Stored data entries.

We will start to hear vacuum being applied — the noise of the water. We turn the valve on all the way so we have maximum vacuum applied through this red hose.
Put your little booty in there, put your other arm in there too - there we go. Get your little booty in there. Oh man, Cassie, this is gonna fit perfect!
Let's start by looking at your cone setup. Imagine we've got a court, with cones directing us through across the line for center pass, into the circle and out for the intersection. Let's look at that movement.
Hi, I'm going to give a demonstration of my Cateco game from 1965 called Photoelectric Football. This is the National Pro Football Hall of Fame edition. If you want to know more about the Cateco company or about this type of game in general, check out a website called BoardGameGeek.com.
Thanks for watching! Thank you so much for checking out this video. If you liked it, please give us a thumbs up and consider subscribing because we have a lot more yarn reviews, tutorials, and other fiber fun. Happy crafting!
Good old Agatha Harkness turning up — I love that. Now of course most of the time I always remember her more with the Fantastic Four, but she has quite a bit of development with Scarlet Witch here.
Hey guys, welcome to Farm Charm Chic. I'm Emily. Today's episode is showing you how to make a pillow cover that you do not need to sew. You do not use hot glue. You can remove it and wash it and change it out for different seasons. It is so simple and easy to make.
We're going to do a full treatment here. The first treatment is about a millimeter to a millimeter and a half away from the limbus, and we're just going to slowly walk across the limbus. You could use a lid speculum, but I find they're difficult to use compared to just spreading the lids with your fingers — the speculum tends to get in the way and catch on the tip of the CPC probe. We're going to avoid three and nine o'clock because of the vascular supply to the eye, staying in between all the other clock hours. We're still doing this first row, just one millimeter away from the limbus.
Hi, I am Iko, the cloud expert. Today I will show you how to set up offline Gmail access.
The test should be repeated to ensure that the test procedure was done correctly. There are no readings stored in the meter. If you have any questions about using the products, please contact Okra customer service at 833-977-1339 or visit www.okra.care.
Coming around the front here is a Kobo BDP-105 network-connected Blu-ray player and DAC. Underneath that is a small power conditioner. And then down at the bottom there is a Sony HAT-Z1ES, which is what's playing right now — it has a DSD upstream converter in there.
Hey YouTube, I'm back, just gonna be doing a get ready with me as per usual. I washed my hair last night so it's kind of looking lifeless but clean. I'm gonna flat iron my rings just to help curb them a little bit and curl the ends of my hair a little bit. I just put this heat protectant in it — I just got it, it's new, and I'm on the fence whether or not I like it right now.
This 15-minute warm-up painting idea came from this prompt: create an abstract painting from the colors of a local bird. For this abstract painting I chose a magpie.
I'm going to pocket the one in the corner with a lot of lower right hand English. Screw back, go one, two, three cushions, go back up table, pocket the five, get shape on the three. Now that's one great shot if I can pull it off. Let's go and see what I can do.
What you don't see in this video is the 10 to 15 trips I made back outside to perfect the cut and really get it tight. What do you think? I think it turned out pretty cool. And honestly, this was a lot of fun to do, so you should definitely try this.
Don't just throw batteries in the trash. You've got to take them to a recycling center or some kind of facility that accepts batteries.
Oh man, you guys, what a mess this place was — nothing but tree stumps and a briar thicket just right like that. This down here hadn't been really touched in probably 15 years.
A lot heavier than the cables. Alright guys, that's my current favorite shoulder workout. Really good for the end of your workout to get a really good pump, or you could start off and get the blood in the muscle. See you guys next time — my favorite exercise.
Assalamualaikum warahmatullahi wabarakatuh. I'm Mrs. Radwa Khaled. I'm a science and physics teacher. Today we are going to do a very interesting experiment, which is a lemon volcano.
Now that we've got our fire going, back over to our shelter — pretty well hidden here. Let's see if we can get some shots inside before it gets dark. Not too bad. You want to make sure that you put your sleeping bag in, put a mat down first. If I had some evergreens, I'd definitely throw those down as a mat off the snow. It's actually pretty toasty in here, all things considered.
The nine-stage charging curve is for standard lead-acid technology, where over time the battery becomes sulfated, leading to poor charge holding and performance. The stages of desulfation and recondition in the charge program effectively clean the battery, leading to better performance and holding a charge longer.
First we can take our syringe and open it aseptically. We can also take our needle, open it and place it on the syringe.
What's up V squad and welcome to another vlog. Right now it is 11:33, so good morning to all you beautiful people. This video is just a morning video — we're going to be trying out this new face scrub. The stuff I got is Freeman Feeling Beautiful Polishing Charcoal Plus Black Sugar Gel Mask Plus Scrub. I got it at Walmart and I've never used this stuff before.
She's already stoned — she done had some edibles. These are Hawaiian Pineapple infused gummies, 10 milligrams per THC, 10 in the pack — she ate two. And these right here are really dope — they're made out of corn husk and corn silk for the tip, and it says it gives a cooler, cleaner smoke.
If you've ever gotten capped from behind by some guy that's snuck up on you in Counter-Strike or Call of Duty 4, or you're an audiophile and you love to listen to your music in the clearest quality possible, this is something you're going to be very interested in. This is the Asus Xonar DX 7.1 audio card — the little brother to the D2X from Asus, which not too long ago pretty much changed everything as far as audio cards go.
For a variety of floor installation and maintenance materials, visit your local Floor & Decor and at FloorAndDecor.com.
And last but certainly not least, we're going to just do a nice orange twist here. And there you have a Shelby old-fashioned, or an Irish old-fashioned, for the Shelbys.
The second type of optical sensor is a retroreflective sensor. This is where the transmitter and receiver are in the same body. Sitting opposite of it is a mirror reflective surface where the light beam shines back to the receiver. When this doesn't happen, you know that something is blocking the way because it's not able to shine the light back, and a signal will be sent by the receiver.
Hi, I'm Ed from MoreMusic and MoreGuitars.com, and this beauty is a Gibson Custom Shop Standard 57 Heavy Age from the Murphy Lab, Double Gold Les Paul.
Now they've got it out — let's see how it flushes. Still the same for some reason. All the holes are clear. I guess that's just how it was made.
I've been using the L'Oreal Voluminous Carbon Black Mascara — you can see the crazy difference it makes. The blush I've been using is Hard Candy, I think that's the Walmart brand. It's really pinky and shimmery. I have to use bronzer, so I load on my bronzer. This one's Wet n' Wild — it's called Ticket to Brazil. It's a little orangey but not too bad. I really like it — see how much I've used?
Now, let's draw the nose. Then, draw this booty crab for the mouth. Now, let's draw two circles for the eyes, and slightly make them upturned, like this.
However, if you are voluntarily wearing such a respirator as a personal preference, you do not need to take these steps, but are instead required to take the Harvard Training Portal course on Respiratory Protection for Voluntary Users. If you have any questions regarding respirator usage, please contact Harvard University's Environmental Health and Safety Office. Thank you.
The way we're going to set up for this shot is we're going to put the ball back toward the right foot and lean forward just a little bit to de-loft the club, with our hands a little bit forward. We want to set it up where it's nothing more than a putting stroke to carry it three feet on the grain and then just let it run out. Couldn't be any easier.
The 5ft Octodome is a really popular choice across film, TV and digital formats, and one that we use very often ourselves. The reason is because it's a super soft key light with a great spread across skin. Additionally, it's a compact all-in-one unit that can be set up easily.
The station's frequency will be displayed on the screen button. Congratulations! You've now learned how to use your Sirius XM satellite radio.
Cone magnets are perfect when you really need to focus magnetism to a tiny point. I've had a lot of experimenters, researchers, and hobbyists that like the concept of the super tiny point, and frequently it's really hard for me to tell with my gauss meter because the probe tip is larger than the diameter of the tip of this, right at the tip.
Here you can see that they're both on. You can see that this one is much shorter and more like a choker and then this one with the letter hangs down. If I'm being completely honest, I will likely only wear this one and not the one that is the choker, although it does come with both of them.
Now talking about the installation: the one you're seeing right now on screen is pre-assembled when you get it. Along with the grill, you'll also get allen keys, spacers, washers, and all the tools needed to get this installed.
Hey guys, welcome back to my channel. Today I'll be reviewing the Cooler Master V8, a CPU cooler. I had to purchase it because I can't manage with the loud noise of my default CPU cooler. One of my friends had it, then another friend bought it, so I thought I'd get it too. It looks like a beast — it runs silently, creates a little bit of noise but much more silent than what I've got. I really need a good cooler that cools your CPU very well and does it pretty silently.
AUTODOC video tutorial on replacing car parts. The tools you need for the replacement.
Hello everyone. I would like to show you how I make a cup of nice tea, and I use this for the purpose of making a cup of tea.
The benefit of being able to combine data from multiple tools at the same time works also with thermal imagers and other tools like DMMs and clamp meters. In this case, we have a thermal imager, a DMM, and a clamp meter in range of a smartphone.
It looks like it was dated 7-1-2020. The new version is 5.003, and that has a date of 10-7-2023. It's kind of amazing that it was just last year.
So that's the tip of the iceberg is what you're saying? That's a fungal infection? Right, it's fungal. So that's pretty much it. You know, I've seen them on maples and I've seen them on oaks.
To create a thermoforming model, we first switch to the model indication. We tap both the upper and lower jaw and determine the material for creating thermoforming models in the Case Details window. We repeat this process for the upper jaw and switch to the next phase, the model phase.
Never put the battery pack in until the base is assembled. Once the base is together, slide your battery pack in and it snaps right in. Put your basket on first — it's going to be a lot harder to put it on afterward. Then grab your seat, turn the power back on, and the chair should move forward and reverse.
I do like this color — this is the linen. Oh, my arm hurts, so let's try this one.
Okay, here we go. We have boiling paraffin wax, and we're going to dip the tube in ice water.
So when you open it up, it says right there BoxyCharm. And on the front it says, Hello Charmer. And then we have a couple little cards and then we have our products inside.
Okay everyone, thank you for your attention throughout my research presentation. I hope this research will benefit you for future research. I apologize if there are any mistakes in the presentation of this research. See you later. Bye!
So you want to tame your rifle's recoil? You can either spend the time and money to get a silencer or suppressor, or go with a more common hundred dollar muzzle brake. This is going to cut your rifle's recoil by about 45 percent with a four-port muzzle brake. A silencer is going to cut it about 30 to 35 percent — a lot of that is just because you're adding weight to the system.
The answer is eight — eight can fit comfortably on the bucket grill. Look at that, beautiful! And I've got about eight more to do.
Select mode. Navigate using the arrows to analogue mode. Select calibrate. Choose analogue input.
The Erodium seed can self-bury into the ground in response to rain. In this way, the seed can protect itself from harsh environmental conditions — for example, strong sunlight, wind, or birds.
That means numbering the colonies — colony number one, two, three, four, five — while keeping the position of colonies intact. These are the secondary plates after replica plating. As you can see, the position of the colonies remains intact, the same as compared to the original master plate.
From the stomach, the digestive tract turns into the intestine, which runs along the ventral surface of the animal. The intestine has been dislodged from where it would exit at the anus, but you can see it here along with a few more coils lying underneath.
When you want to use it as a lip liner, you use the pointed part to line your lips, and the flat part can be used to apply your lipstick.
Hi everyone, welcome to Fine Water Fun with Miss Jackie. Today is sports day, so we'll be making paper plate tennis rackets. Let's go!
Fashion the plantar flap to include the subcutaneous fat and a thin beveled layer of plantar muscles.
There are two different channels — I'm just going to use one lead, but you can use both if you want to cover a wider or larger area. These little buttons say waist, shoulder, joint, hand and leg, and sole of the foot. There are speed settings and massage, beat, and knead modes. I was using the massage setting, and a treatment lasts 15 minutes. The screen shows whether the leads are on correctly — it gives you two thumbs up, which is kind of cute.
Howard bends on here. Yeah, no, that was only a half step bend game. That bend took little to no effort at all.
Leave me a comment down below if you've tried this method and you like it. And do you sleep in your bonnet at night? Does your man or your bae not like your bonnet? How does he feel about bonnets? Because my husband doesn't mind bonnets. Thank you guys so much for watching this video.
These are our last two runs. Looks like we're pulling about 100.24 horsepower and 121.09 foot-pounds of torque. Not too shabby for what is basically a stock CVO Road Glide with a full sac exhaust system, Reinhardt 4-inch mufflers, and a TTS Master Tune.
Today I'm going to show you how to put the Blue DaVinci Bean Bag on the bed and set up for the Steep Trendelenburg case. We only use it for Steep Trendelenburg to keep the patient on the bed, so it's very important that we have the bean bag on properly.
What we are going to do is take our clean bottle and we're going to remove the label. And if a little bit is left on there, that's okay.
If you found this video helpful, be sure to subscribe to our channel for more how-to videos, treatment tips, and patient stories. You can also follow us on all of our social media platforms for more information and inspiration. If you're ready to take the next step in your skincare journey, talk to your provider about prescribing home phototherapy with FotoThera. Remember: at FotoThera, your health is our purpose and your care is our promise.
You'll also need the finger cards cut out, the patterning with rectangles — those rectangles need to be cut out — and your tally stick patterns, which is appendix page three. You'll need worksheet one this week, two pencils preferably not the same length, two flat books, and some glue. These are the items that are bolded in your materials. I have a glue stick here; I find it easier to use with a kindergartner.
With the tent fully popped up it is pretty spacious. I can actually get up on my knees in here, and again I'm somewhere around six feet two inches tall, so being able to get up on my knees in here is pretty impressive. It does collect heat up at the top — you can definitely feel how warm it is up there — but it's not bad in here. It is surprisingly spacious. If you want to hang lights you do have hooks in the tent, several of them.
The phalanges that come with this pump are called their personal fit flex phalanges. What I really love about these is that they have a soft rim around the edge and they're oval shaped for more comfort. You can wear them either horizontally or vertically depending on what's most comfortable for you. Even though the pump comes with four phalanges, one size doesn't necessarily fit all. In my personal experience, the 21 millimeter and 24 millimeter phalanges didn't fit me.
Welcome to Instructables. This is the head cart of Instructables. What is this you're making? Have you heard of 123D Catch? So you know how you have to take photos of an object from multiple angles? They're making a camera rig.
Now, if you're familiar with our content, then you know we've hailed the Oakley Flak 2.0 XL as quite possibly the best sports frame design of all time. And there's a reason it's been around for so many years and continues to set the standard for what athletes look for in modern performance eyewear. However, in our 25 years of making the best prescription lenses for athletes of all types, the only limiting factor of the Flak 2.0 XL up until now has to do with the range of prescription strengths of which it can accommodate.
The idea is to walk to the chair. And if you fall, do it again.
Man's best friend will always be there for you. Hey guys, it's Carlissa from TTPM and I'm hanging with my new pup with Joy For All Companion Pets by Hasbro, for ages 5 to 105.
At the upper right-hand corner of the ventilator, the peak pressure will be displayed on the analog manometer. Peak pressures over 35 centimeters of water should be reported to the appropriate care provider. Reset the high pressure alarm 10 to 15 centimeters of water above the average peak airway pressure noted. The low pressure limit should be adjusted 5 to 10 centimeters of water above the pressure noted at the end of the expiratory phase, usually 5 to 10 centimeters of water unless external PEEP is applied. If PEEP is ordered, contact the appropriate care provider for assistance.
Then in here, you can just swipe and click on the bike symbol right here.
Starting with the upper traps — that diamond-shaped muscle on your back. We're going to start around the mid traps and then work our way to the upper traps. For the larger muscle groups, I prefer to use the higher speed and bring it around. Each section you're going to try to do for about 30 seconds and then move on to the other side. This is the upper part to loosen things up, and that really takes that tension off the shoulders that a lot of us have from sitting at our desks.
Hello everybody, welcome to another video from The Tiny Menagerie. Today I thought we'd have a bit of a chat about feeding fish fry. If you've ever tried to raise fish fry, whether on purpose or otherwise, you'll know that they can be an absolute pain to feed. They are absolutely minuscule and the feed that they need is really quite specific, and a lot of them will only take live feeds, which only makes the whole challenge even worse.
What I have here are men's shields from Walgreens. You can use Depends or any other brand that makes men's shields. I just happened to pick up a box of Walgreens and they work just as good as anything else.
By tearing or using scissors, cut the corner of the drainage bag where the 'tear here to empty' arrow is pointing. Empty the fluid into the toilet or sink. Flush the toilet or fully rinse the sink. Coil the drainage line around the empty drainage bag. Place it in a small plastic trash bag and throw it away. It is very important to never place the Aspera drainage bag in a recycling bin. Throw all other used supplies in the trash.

Your assignment.
Among the records above, repeat exactly the line with "Good old Agatha", the line with "Hey guys, welcome to", and every line in between, and only those.

Result of the task.
Good old Agatha Harkness turning up — I love that. Now of course most of the time I always remember her more with the Fantastic Four, but she has quite a bit of development with Scarlet Witch here.
Hey guys, welcome to Farm Charm Chic. I'm Emily. Today's episode is showing you how to make a pillow cover that you do not need to sew. You do not use hot glue. You can remove it and wash it and change it out for different seasons. It is so simple and easy to make.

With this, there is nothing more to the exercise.